Goodbye, my friend, MAX
EISENSTEIN GALLERIES
SAN FRANCISCO, CALIFORNIA, U.S.A.
NOVEMBER 5, 1933
Herrn Martin Schulse c/o Deutsch-Voelkische Bank und Handelsgeselschaft Munich, Germany
MARTIN :
I write again because I must. A black foreboding has taken possession of me. I wrote Griselle as soon as I knew she was in Berlin and she answered briefly. Rehearsals were going brilliantly; the play would open shortly. My second letter was more encouragement than warning, and it has been returned to me, the envelope unopened, marked only addressee unknown, (Adressant Unbekannt). What a darkness those words carry! How can she be unknown? It is surely a message that she has come to harm. They know what has happened to her, those stamped letters say, but I am not to know. She has gone into some sort of void and it will be useless to seek her. All this they tell me in two words, Adressant Unbekannt.
Martin, need I ask you to find her, to succor her? You have known her graciousness, her beauty and sweetness. You have had her love, which she has given to no other man. Do not attempt to write to me. I know I need not even ask you to aid. It is enough to tell you that something has gone wrong, that she must be in danger.

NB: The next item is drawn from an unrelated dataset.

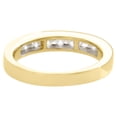 thumbnail image 4 of 14K Yellow Gold Channel Set Diamond Wedding Band 3.75mm Anniversary Ring 0.50 CT, 4 of 5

I leave her in your hands, for I am helpless.
MAX
EISENSTEIN GALLERIES
SAN FRANCISCO, CALIFORNIA, U.S.A.
NOVEMBER 23, 1933
Herrn Martin Schulse c/o Deutsch-Voelkische Bank und Handelsgeselschaft Munich, Germany
MARTIN :
I turn to you in despair. I could not wait for another month to pass so I am sending some information as to your investments. You may wish to make some changes and I can thus enclose my appeal with a bank letter.
It is Griselle. For two months there has been only silence from her, and now the rumors begin to come in to me. From Jewish mouth to Jewish mouth the tales slowly come back from Germany, tales so full of dread I would close my ears if I dared, but I cannot. I must know what has happened to her. I must be sure.
She appeared in the Berlin play for a week. Then she was jeered from the audience as a Jewess. She is so headstrong, so foolhardy, the splendid child! She threw the word back in their teeth. She told them proudly that she was a Jewess.
Some of the audience started after her. She ran backstage. Someone must have helped her for she got away with the whole pack at her heels and took refuge with a Jewish family in a cellar for several days. After that she changed her appearance as much as she could and started south, hoping to walk back to Vienna. She did not dare to try the railroads. She told those she left that she would be safe if she could reach friends in Munich. That is my hope, that she has gone to you, for she has never reached Vienna. Send me word, Martin, and if she has not yet come there make a quiet investigation if you can. My mind cannot rest. I torture myself by day and by night, seeing the brave little thing trudging all those long miles through hostile country, with winter corning on. God grant you can send me a word of relief.